Building Better Vehicle Armor

Winter 2019

Beatriz Medeiros
(Image: Will Kirk / Homewood Photography)

The average soldier carries at least 60 pounds of gear, with some specialized fighters carrying loads almost twice that weight. A significant portion of this is body armor. Typically made of a combination of ceramic and polymer materials, body armor worn by infantry members weighs  about 30 pounds.

This equipment is critical for the job, shielding vital organs from the potentially lethal shock of bullets and other projectiles. But even though modern body armor works pretty well for what it’s intended to do, explains Beatriz Medeiros, a third-year materials science and engineering student at the Whiting School, it can be cumbersome.

To lighten soldiers’ loads and to improve their protection within military vehicles, Medeiros is working in the lab of Timothy Weihs, a professor in her department, to develop new types of vehicle armor materials. She recently received the prestigious Undergraduate Research Apprenticeship Program internship, which is co-sponsored by the Army Research Office and the Center for Materials in Extreme Dynamic Environments (CMEDE). CMEDE is the Army’s largest, basic research program focused on improving protection materials for military applications and is located within the Hopkins Extreme Materials Institute. Together, these sources provided the financial support that made it possible for her to continue her research at Johns Hopkins over the summer.

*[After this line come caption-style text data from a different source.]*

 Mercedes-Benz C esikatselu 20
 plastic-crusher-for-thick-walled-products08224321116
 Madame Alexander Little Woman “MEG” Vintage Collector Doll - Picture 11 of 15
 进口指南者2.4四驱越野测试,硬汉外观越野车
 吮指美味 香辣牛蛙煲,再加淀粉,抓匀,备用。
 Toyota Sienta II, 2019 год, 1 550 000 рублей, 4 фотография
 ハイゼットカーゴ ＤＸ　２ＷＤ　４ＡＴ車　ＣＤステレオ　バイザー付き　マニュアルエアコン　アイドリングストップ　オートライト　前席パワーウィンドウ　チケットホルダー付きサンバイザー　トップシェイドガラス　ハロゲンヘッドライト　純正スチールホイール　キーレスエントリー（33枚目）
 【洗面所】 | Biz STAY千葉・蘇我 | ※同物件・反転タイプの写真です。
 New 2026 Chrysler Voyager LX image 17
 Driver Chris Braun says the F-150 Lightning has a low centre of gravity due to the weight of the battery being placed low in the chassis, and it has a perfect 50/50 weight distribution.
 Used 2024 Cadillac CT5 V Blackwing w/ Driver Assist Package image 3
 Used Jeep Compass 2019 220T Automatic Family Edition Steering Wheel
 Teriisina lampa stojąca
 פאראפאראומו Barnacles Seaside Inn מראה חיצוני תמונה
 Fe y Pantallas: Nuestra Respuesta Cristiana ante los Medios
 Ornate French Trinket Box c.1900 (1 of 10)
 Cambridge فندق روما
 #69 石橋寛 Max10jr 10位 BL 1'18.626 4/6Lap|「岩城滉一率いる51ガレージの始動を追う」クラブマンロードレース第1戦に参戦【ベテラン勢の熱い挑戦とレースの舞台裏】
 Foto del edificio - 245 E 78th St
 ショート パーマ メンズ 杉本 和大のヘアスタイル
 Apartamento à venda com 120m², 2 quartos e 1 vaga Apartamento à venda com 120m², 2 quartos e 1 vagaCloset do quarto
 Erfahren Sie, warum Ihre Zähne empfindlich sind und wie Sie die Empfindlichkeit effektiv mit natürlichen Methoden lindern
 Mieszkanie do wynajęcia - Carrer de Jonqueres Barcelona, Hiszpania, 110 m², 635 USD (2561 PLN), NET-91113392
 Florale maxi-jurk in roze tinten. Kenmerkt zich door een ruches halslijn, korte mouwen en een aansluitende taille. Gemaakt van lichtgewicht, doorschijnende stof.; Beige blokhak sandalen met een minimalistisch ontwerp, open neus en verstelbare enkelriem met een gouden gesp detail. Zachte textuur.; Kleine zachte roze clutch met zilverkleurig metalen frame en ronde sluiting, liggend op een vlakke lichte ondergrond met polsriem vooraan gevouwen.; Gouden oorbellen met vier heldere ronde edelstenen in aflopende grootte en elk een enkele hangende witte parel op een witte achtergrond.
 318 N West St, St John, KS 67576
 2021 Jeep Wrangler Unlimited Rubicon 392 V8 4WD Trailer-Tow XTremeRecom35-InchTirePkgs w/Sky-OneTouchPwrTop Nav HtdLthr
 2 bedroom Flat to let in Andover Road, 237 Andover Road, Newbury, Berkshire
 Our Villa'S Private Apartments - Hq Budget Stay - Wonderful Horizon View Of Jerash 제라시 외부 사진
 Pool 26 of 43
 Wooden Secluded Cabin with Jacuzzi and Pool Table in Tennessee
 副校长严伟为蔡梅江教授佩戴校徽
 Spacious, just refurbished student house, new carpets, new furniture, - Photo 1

Medeiros is working to produces an alloy which, after proper thermomechanical processing, can form nano-precipitates that can slow down or block dislocations, the atomic-scale defects in materials that are produced and then propagate upon impact.

Military gear
(Courtesy of Jess Ader)

To further strengthen these alloys, Medeiros, under the mentorship of graduate student Suhas Eswarappa Prameela, is exploring different thermomechanical processing methods. These include rolling, which presses the material between two rollers, and equal channel angular extrusion, which pulls it through an L-shaped chamber. Both methods can change the material’s average crystal grain size  and precipitate size, which in turn affects its strength.

“A soldier’s job is hard enough,” Medeiros says. “By improving their armor, we’re hoping to make their jobs a little bit easier.”